- What you will do -
Using the entries that follow, write out the line containing "PetLuv Reflective Mesh", the line containing "Venda Apartamento São", and every line between them, exactly and nothing else.

- Material provided -
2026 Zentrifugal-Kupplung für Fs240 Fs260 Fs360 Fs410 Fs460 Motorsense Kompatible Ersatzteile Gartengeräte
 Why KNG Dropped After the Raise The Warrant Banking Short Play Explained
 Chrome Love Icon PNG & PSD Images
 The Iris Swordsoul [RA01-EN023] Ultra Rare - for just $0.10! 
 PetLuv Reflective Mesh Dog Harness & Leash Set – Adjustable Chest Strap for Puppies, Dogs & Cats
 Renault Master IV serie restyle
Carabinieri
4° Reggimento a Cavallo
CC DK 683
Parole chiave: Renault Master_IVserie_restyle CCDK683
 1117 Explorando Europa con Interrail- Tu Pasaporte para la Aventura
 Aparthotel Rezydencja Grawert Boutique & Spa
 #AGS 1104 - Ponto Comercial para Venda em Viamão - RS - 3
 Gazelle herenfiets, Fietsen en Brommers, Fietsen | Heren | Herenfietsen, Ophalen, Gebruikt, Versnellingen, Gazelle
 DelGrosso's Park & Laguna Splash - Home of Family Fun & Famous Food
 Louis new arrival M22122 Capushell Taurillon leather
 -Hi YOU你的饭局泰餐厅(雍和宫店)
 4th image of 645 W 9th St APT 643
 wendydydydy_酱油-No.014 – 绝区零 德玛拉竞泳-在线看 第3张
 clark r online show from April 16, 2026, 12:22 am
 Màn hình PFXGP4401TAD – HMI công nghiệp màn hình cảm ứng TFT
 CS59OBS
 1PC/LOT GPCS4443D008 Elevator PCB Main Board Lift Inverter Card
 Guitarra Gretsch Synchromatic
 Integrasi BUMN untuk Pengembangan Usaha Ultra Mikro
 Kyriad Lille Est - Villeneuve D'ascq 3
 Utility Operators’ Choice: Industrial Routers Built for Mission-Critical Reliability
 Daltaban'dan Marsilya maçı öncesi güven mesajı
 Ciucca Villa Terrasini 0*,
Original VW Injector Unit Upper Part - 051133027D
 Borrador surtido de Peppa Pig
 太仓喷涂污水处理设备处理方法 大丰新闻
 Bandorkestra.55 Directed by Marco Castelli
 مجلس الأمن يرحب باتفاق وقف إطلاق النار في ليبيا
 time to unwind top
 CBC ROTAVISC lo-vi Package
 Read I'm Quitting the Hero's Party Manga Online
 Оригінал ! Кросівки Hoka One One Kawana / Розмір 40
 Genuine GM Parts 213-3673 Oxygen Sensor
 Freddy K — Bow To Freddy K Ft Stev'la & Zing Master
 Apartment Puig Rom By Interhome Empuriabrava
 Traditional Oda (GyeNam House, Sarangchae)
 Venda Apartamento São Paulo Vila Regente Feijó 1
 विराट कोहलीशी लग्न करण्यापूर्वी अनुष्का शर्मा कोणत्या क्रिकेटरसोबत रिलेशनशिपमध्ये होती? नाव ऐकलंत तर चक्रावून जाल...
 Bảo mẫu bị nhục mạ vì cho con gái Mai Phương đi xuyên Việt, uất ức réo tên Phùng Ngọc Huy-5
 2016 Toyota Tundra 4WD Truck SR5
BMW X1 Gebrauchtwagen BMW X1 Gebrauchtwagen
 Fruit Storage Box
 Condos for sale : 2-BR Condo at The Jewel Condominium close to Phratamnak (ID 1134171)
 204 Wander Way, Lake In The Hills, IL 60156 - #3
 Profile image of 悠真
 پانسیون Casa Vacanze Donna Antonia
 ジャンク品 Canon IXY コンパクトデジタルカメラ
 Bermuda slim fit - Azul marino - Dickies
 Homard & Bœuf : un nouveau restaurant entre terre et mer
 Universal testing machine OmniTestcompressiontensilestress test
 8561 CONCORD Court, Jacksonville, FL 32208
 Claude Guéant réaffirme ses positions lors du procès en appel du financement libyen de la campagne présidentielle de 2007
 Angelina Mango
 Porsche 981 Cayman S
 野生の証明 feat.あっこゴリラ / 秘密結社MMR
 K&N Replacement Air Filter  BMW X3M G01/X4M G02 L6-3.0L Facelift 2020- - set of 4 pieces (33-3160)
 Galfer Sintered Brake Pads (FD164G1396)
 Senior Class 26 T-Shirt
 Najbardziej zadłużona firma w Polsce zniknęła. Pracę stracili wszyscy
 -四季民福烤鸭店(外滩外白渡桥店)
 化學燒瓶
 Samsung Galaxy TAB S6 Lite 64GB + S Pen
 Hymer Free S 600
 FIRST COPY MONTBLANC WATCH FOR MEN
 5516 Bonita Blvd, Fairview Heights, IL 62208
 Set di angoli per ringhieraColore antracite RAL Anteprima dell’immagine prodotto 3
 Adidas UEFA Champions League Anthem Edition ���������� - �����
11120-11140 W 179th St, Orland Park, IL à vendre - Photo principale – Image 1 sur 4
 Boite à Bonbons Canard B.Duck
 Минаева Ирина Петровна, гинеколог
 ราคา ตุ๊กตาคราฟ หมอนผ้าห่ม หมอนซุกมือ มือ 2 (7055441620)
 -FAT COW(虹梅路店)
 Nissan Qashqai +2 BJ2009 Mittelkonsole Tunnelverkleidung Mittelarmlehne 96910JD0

- Written answer -
 PetLuv Reflective Mesh Dog Harness & Leash Set – Adjustable Chest Strap for Puppies, Dogs & Cats
 Renault Master IV serie restyle
Carabinieri
4° Reggimento a Cavallo
CC DK 683
Parole chiave: Renault Master_IVserie_restyle CCDK683
 1117 Explorando Europa con Interrail- Tu Pasaporte para la Aventura
 Aparthotel Rezydencja Grawert Boutique & Spa
 #AGS 1104 - Ponto Comercial para Venda em Viamão - RS - 3
 Gazelle herenfiets, Fietsen en Brommers, Fietsen | Heren | Herenfietsen, Ophalen, Gebruikt, Versnellingen, Gazelle
 DelGrosso's Park & Laguna Splash - Home of Family Fun & Famous Food
 Louis new arrival M22122 Capushell Taurillon leather
 -Hi YOU你的饭局泰餐厅(雍和宫店)
 4th image of 645 W 9th St APT 643
 wendydydydy_酱油-No.014 – 绝区零 德玛拉竞泳-在线看 第3张
 clark r online show from April 16, 2026, 12:22 am
 Màn hình PFXGP4401TAD – HMI công nghiệp màn hình cảm ứng TFT
 CS59OBS
 1PC/LOT GPCS4443D008 Elevator PCB Main Board Lift Inverter Card
 Guitarra Gretsch Synchromatic
 Integrasi BUMN untuk Pengembangan Usaha Ultra Mikro
 Kyriad Lille Est - Villeneuve D'ascq 3
 Utility Operators’ Choice: Industrial Routers Built for Mission-Critical Reliability
 Daltaban'dan Marsilya maçı öncesi güven mesajı
 Ciucca Villa Terrasini 0*,
Original VW Injector Unit Upper Part - 051133027D
 Borrador surtido de Peppa Pig
 太仓喷涂污水处理设备处理方法 大丰新闻
 Bandorkestra.55 Directed by Marco Castelli
 مجلس الأمن يرحب باتفاق وقف إطلاق النار في ليبيا
 time to unwind top
 CBC ROTAVISC lo-vi Package
 Read I'm Quitting the Hero's Party Manga Online
 Оригінал ! Кросівки Hoka One One Kawana / Розмір 40
 Genuine GM Parts 213-3673 Oxygen Sensor
 Freddy K — Bow To Freddy K Ft Stev'la & Zing Master
 Apartment Puig Rom By Interhome Empuriabrava
 Traditional Oda (GyeNam House, Sarangchae)
 Venda Apartamento São Paulo Vila Regente Feijó 1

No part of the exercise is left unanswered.